→ **Problem to solve**: Restate the listing below word for word, pictures excluded.

→ **Collected data**:
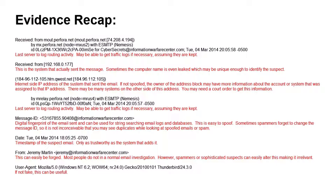Now let's look at the email from an evidence standpoint. At the very top, the 'received from' — Mount Performa — that's 74.208.4.194. This is the last server to log routing activity. They may be able to provide traffic logs if necessary, assuming the logs are being kept on the server. The originating IP address, 192.168.0.177, is the internal IP address from the system that actually sent the message. Sometimes the computer even leaks the computer name, which could be unique enough to identify the suspect. The external IP address from the source, 184.196.112.105, is the outside IP address, which is usually an ISP.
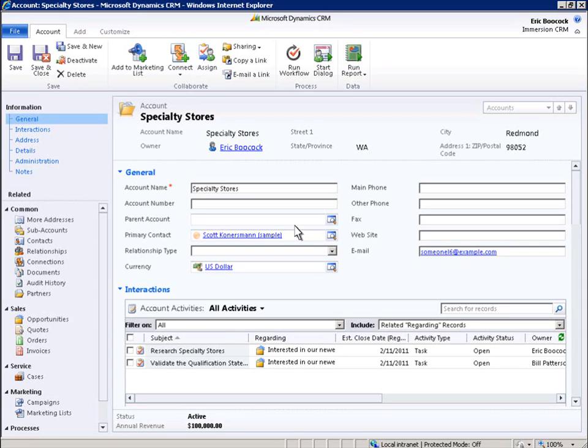Microsoft Dynamics CRM 2011 lets you take full advantage of native SharePoint functionality and review documents without ever having to leave your Microsoft Dynamics CRM 2011 system.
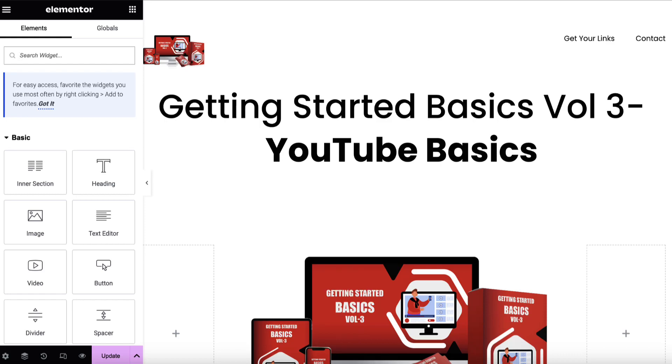In this video, we're going to talk all about templates with Elementor and how you can use them to speed up your work. When you need to create a lot of different pages on your site, oftentimes you want to retain a common design and having templates allows you to do that rather than having to create everything from scratch. They're also useful to provide to people for bonuses and other things as well, which we'll talk about later.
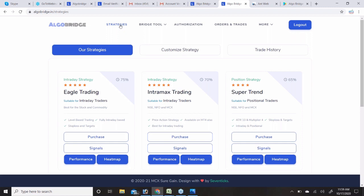Thanks everyone for attending this AlgoBridge demonstration webinar. We will meet you soon with another session on MT4 and TradingView bridges. Options-related features are also coming very soon — you will get updates in the AlgoBridge platform. Thank you.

→ **Expected answer**:
Now let's look at the email from an evidence standpoint. At the very top, the 'received from' — Mount Performa — that's 74.208.4.194. This is the last server to log routing activity. They may be able to provide traffic logs if necessary, assuming the logs are being kept on the server. The originating IP address, 192.168.0.177, is the internal IP address from the system that actually sent the message. Sometimes the computer even leaks the computer name, which could be unique enough to identify the suspect. The external IP address from the source, 184.196.112.105, is the outside IP address, which is usually an ISP.
Microsoft Dynamics CRM 2011 lets you take full advantage of native SharePoint functionality and review documents without ever having to leave your Microsoft Dynamics CRM 2011 system.
In this video, we're going to talk all about templates with Elementor and how you can use them to speed up your work. When you need to create a lot of different pages on your site, oftentimes you want to retain a common design and having templates allows you to do that rather than having to create everything from scratch. They're also useful to provide to people for bonuses and other things as well, which we'll talk about later.
Thanks everyone for attending this AlgoBridge demonstration webinar. We will meet you soon with another session on MT4 and TradingView bridges. Options-related features are also coming very soon — you will get updates in the AlgoBridge platform. Thank you.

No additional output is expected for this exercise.